If something has worked for you for a long time, it’s tough to suddenly shift gears.  That positive feedback becomes so ingrained, it’s almost undetectable.  

So what do we do?

I love what an old therapist of mine used to say,  “People pleasing is really just lying.”

Ouch!

I’d never really thought of it that way before, but it makes sense.   After reading Martha Beck’s latest book, The Way of Integrity, (which I HIGHLY recommend), I became so aware of how unhappy we are in life when we are not in integrity with our truth.  Essentially, when we aren’t telling the truth, we suffer.  
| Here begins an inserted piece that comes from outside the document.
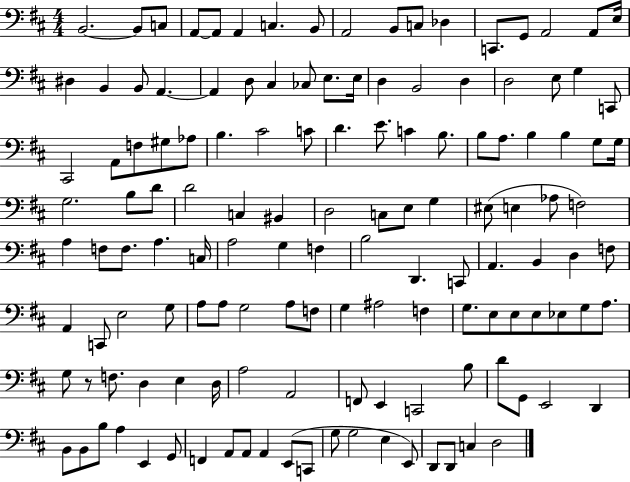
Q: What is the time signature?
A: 4/4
So, as I’ve started to become aware of my own subtle tendency to people-please, I now see it as not telling the truth, and as a result, damaging my life and the person I’m lying to in the name of being sweet.  

I’ve become more comfortable with saying “no” as a complete sentence as well as using responses such as, “I don’t know,” and “Let me think about  that,” or “That doesn’t feel true for me.”  

If you’re a people pleaser, I challenge you to adopt these small movements, because over time, I believe they get us closer to where we ultimately want to be…home to the truth of who we are.